2019牛客多校7H

转载自 link

###name Pair

###descirption Given three integers A, B, C. Count the number of pairs <x,y> (with 1≤x≤A and 1≤y≤B)such that at least one of the following is true:

• (x and y) > C
• (x xor y) < C ("and", "xor" are bit operators)

###input The first line of the input gives the number of test cases, T (T≤100).
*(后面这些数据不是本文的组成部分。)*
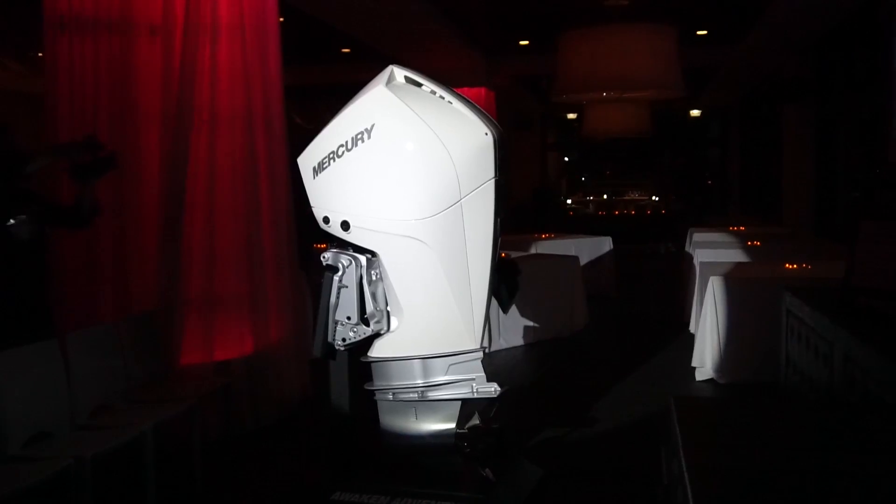That obviously translates to performance as well. Especially when you combine that high displacement with the weight — this is the lightest weight engine in the 200 horsepower segment. That combination of high displacement and light weight is a real big deal when it comes to getting that boat on the plane and the acceleration at the top end.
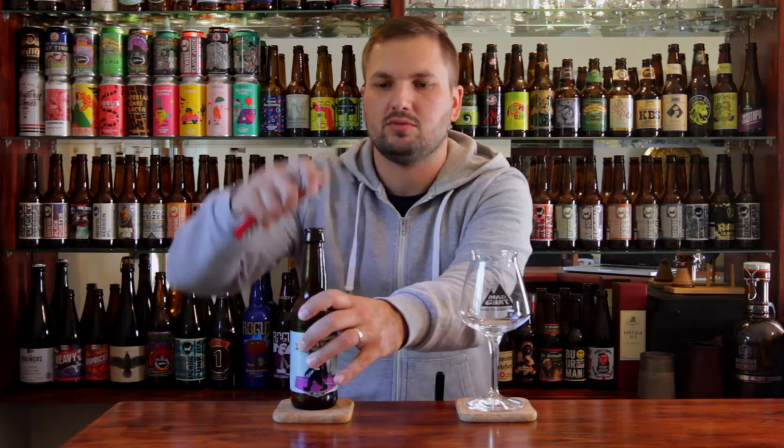I was able to pick this one up courtesy of the good folks at Big's Little Beer Shop. And it's great to see that these guys out in Joburg are managing to get their beers down to the Western Cape.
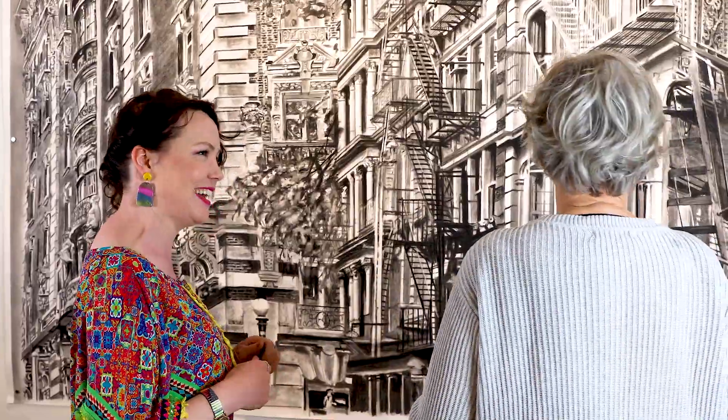I lived in New York a number of years ago, and as an architectural artist it's almost like the pantry for a master chef. Classic New York has all those iconic buildings, but for me I wanted to make it more authentic New York.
T test cases follow.

For each test case, the only line contains three integers A, B and C. $1≤A,B,C≤10^9$

###output For each test case, the only line contains an integer that is the number of pairs satisfying the condition given in the problem statement.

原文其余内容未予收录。